* [AVAILABLE RECORDS]:
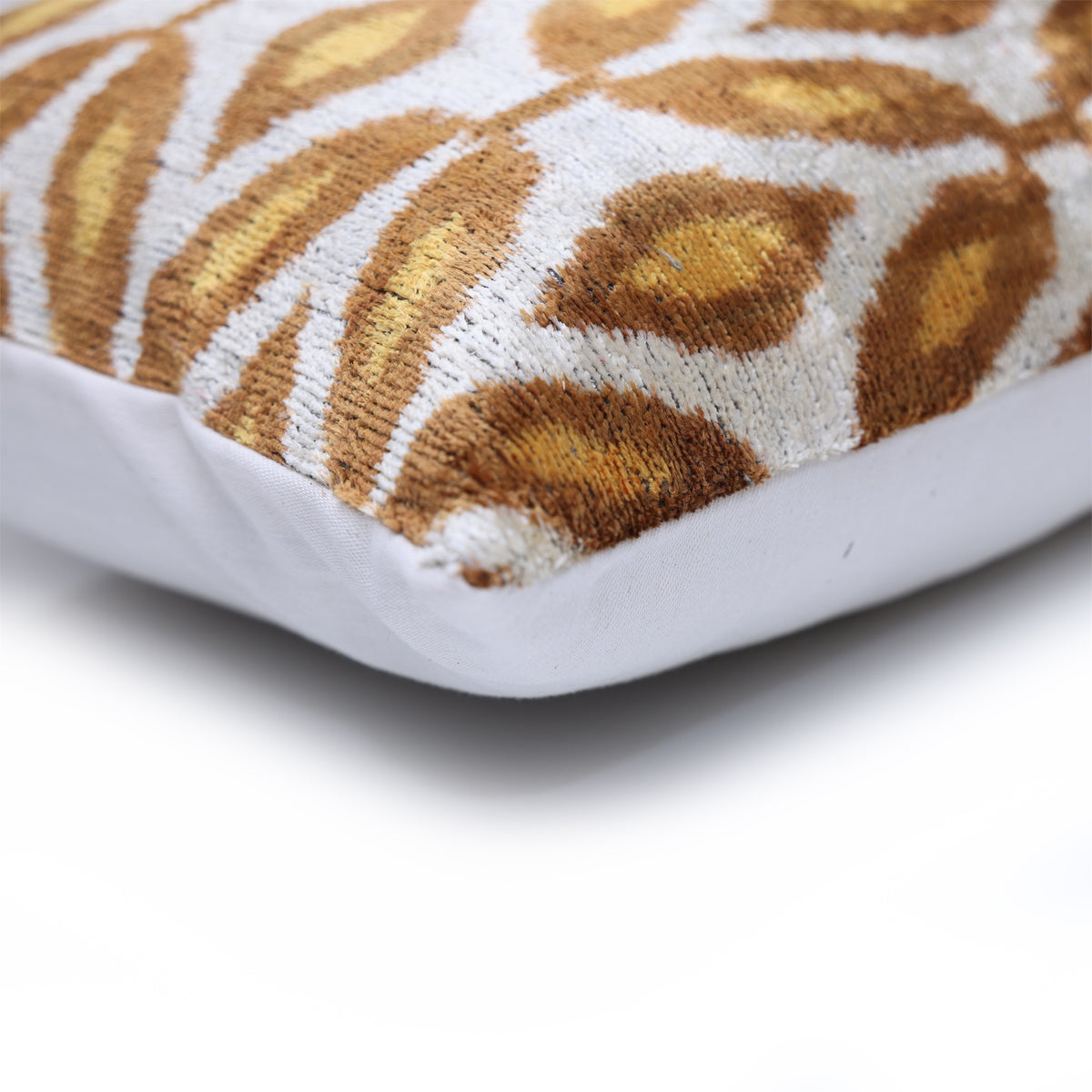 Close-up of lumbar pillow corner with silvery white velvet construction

* * *

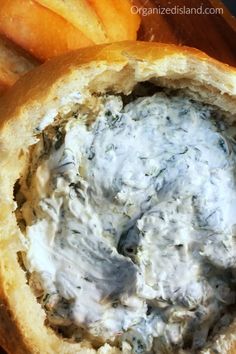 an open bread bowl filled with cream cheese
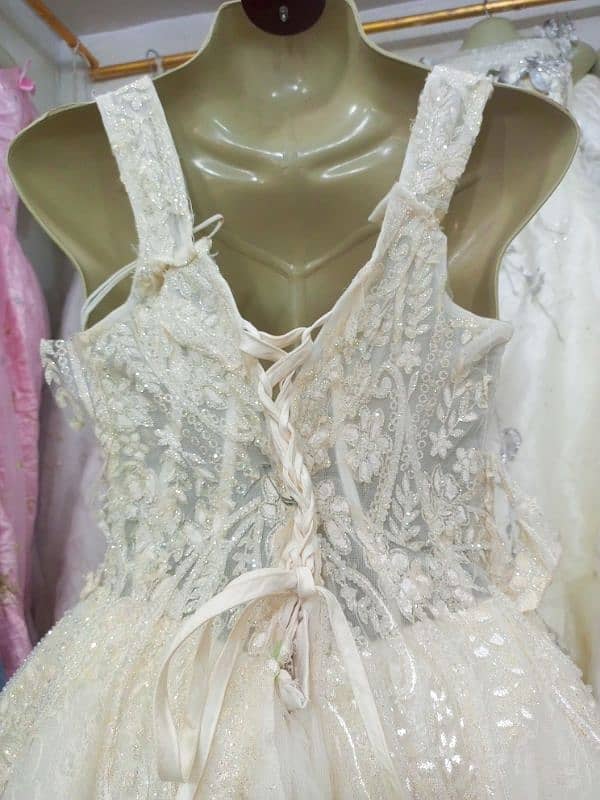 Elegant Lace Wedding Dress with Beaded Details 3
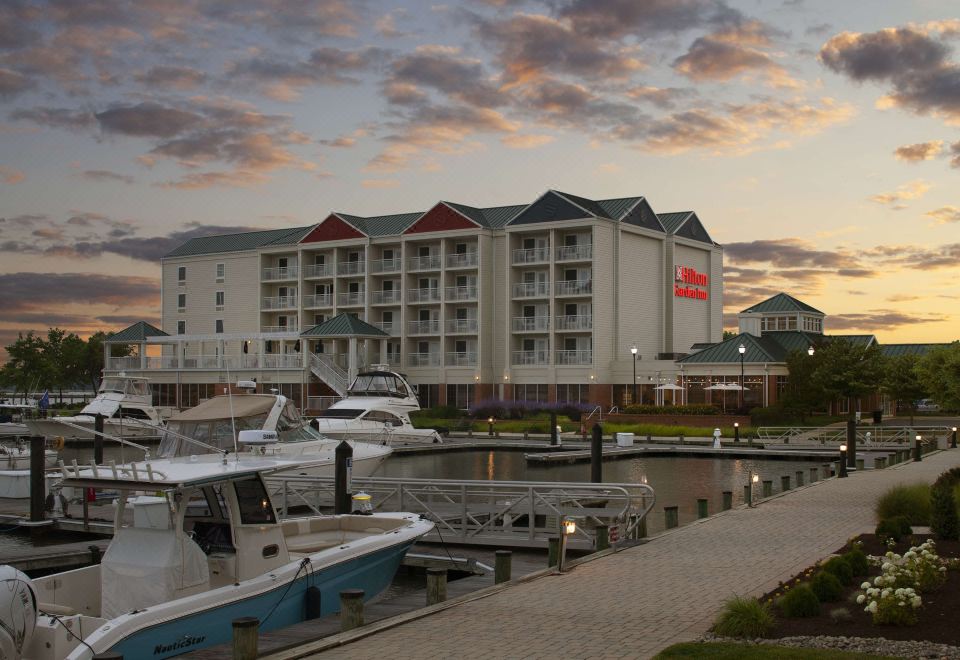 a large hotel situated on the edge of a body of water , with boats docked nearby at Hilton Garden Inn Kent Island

* [PROBLEM DESCRIPTION]: Reproduce exactly the lines above starting at the line containing "an open bread bowl filled with cream cheese" and ending at the line containing "a large hotel", including both, but not the pictures.

* [OUTPUT OF THE TASK]:
 an open bread bowl filled with cream cheese
 Elegant Lace Wedding Dress with Beaded Details 3
 a large hotel situated on the edge of a body of water , with boats docked nearby at Hilton Garden Inn Kent Island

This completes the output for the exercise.